Short descriptive text snippets
————————
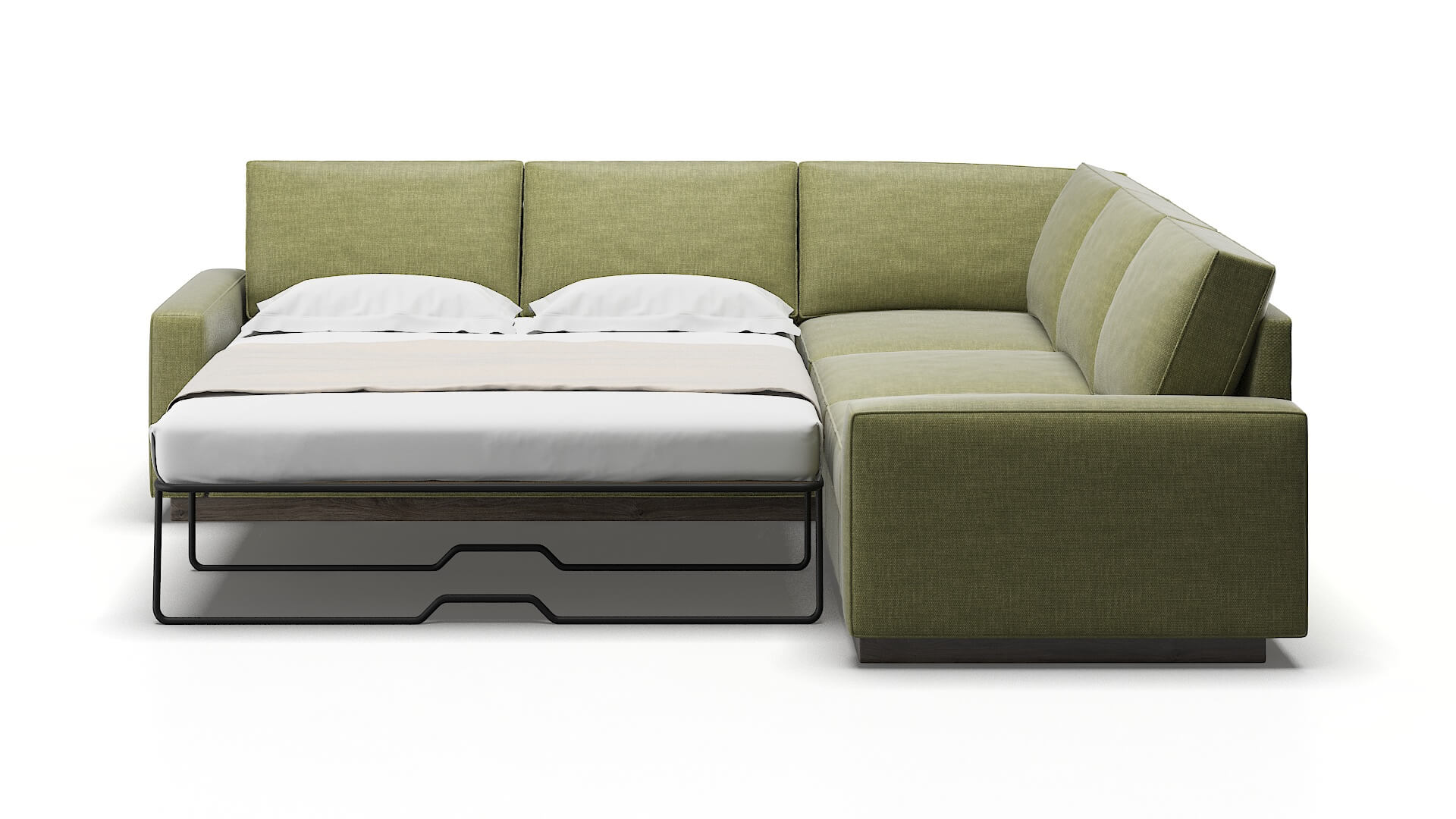 Alton Portland Basil Sectional Sleeper Espresso legs 1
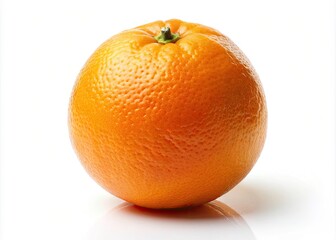 Glossy Orange Fruit Isolated on White Background - Fresh Citrus, Healthy Snack, Vibrant Color, Natural Beauty, Organic Produce, Textured Skin, Round Shape, Deliciously Juicy, Vitamin C Source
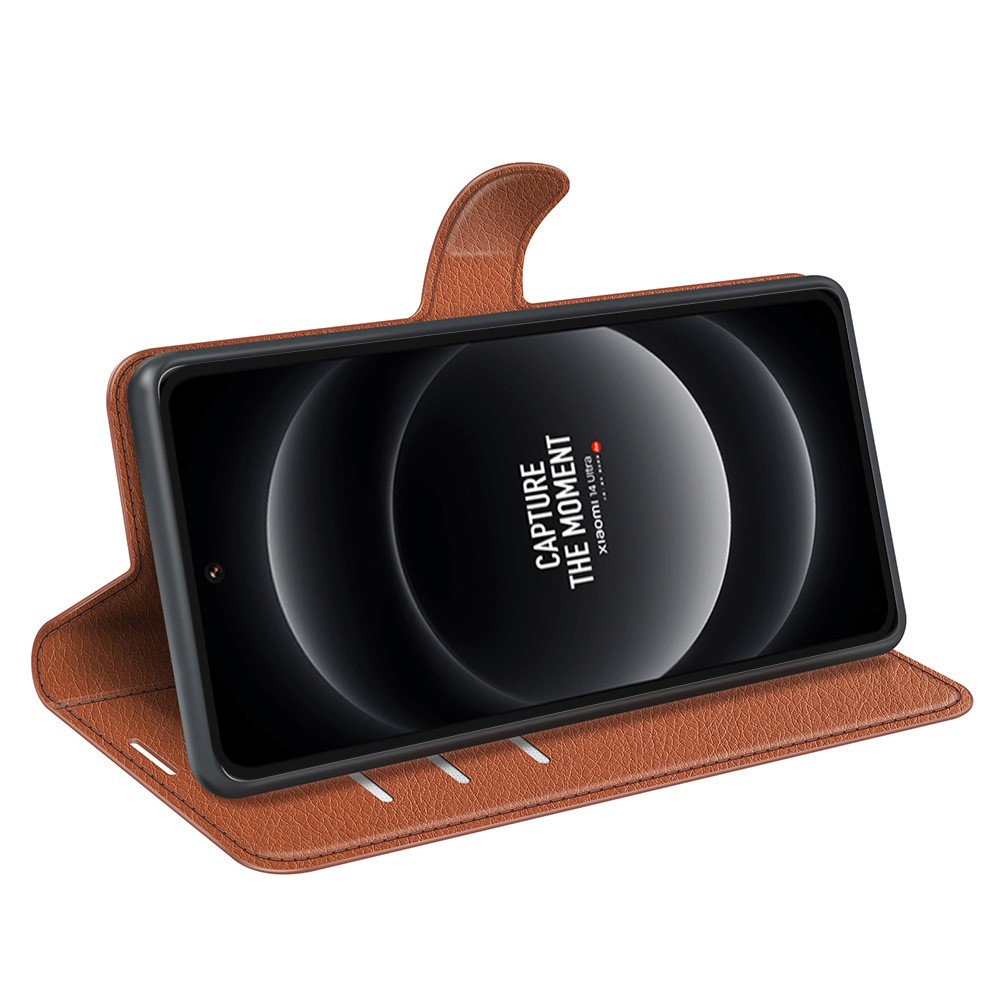  Xiaomi 14 Ultra Fodral Litchi Läder Brun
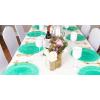 PARTY BARGAINS 13 Inch Plastic Charger Plates, Raindrop Transparent Rose Gold, 8 Pack(Green)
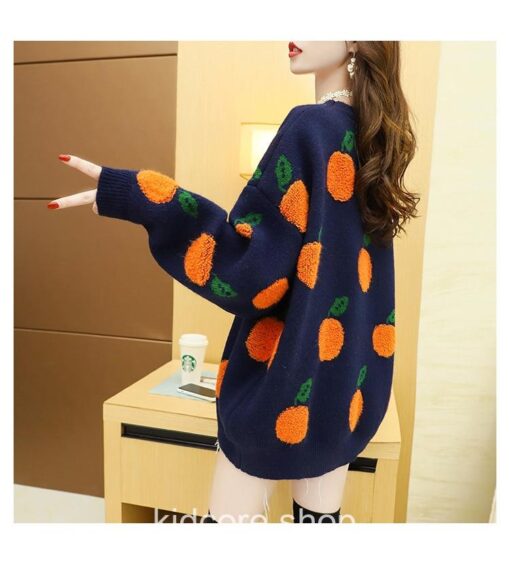 Cute Orange Apple Fruit Kidcore Sweater 8
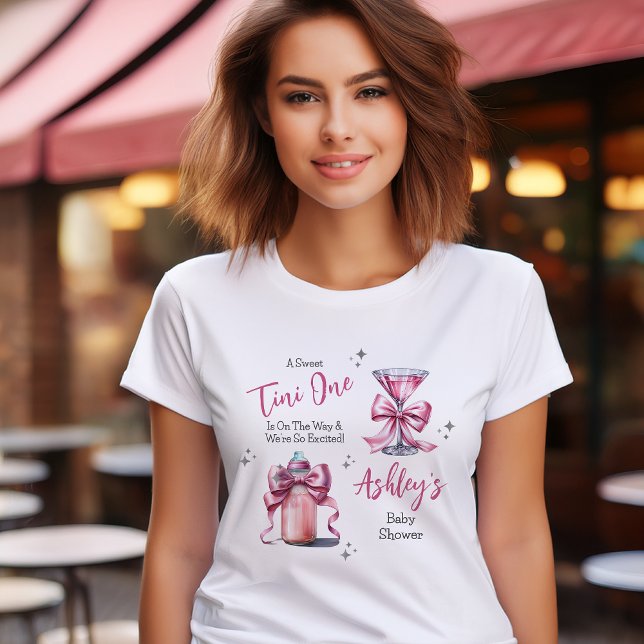 A Sweet Tini One Pink Coquette Girl Baby Shower T-Shirt ("A Sweet Tini One Is On the Way . . ." Coquette Bows Martini | Bottle Girl Baby Shower T-Shirt)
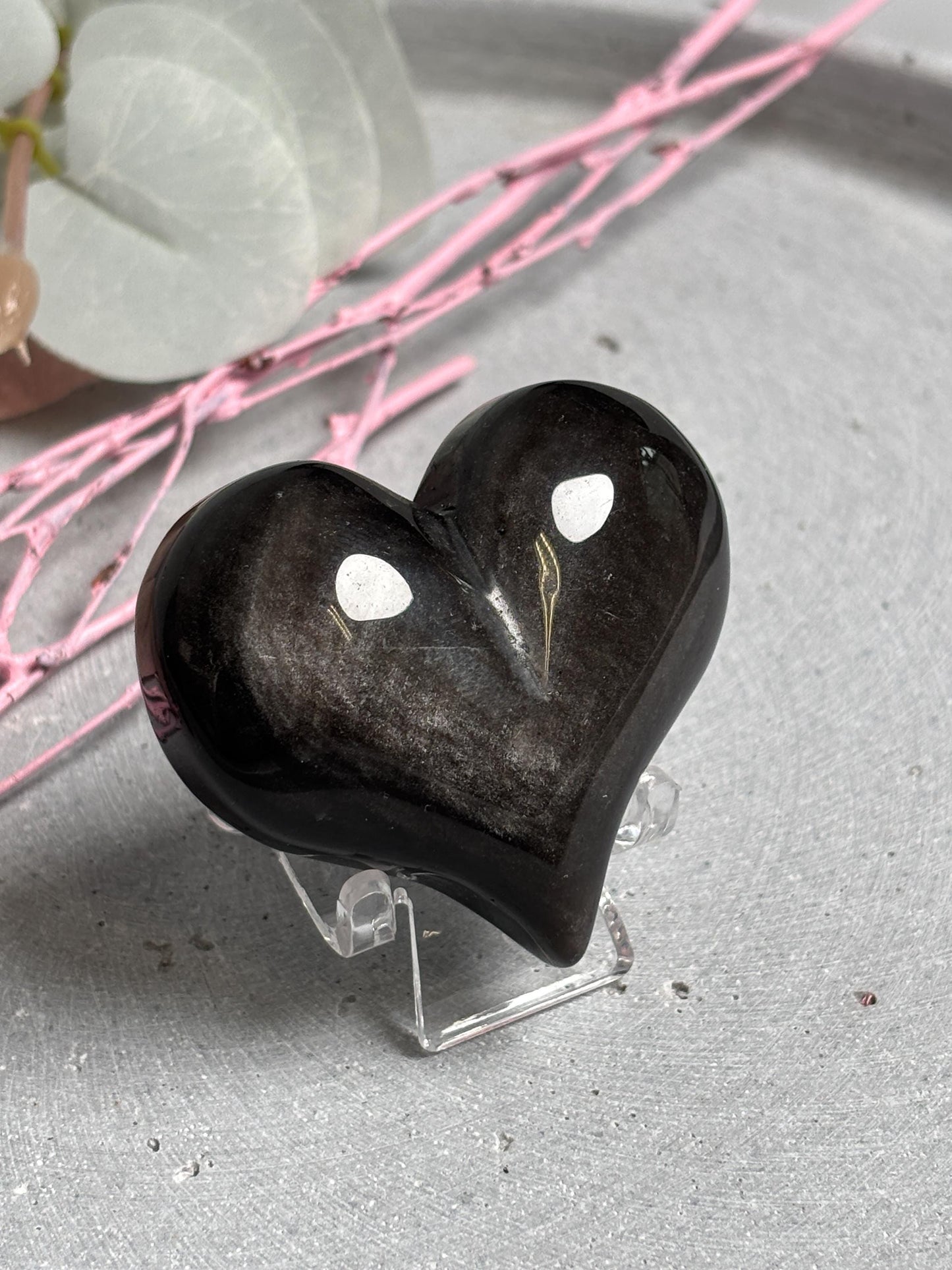 Silber Obsidian Herz 5 cm Kristall Edelstein Herz Sammlerstein Dekofigur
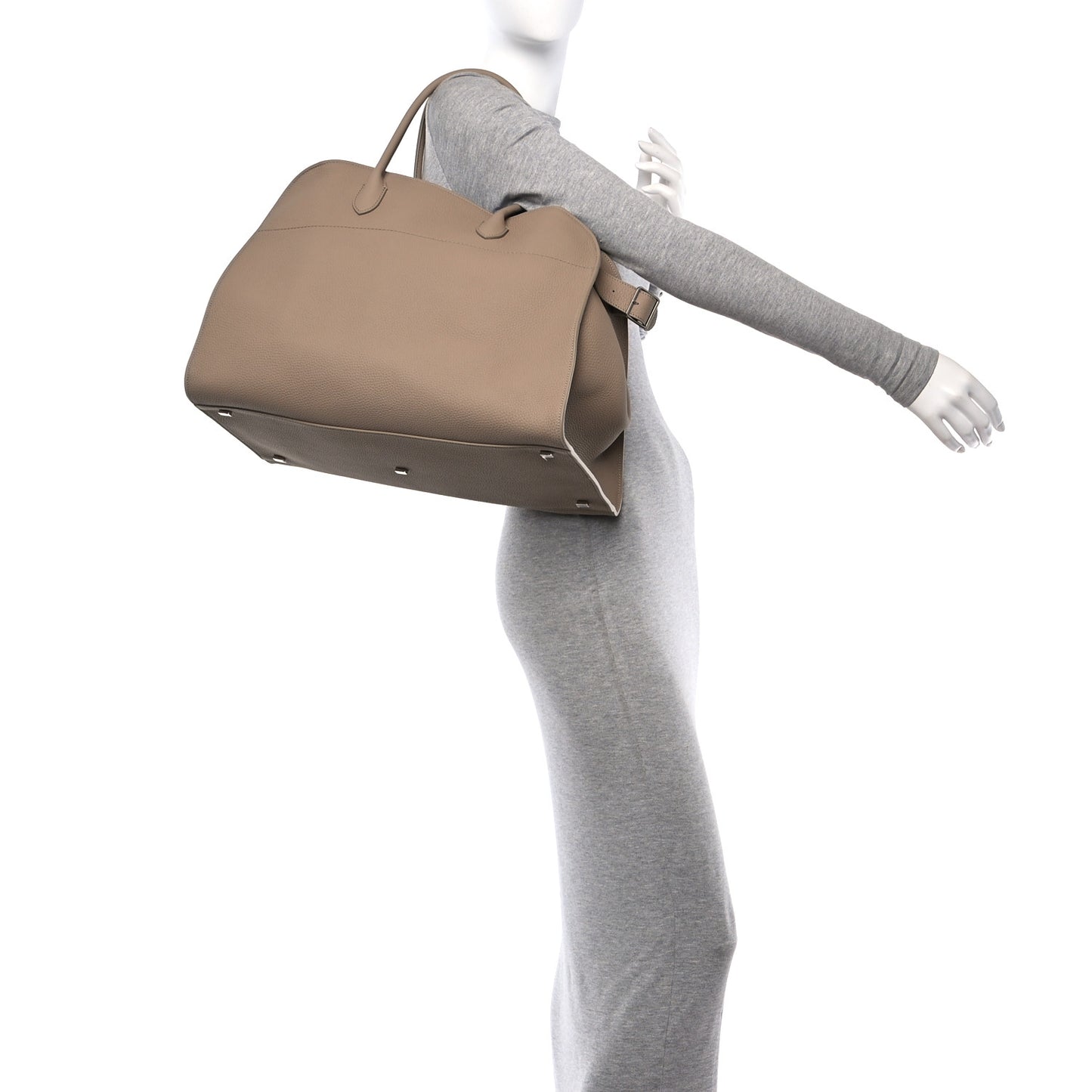 Matte Grained Calfskin Soft Margaux 17 Dark Taupe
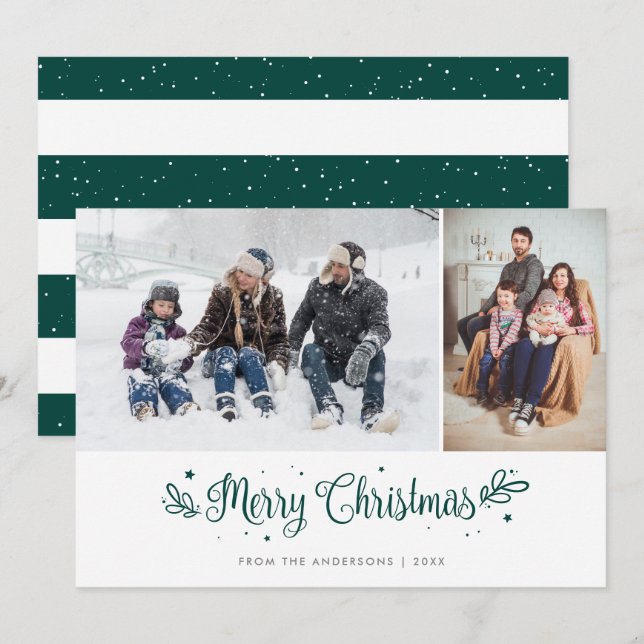 Green Striped Calligraphy Christmas Photo Cards (Front/Back)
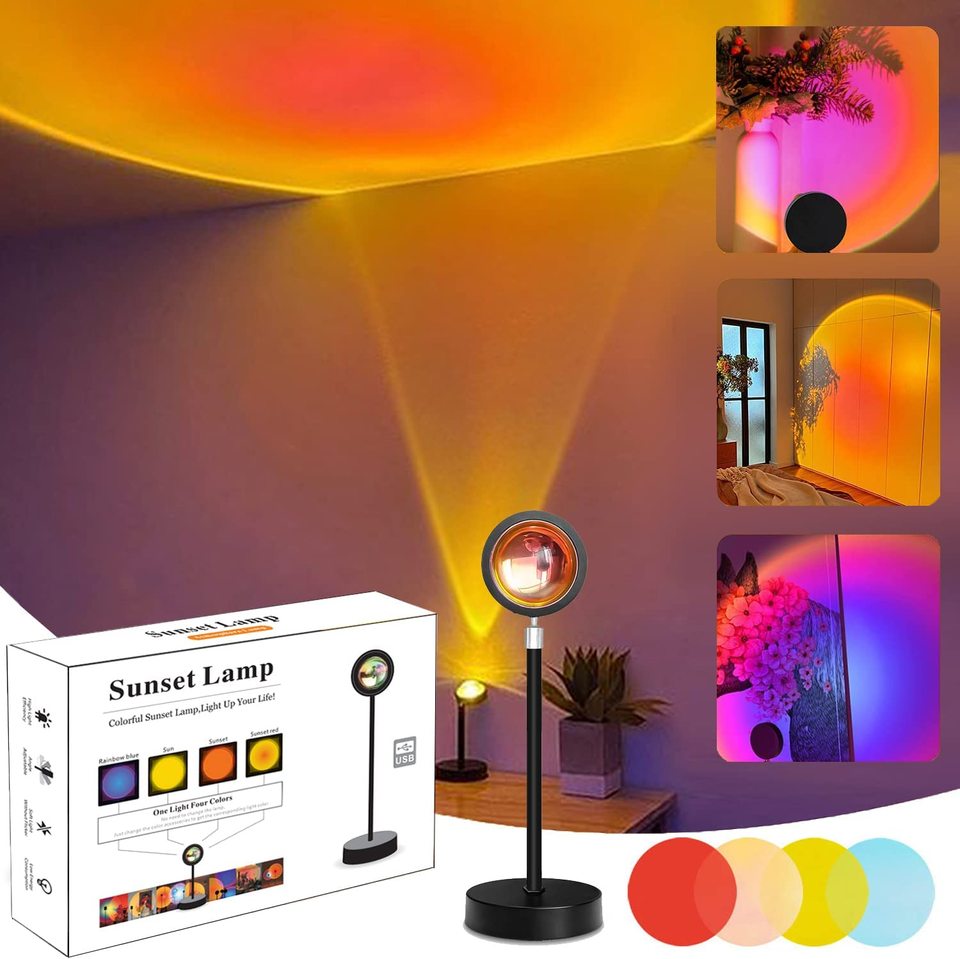 Sunset lamp - sunset, rainbow en andere effecten - sfeerverlichting binnen - zonsondergang lamp - hoogte verstelbaar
————————
Set down every entry above verbatim, without pictures.

RESPONSE AREA:
 Alton Portland Basil Sectional Sleeper Espresso legs 1
 Glossy Orange Fruit Isolated on White Background - Fresh Citrus, Healthy Snack, Vibrant Color, Natural Beauty, Organic Produce, Textured Skin, Round Shape, Deliciously Juicy, Vitamin C Source
  Xiaomi 14 Ultra Fodral Litchi Läder Brun
 PARTY BARGAINS 13 Inch Plastic Charger Plates, Raindrop Transparent Rose Gold, 8 Pack(Green)
 Cute Orange Apple Fruit Kidcore Sweater 8
 A Sweet Tini One Pink Coquette Girl Baby Shower T-Shirt ("A Sweet Tini One Is On the Way . . ." Coquette Bows Martini | Bottle Girl Baby Shower T-Shirt)
 Silber Obsidian Herz 5 cm Kristall Edelstein Herz Sammlerstein Dekofigur
 Matte Grained Calfskin Soft Margaux 17 Dark Taupe
 Green Striped Calligraphy Christmas Photo Cards (Front/Back)
 Sunset lamp - sunset, rainbow en andere effecten - sfeerverlichting binnen - zonsondergang lamp - hoogte verstelbaar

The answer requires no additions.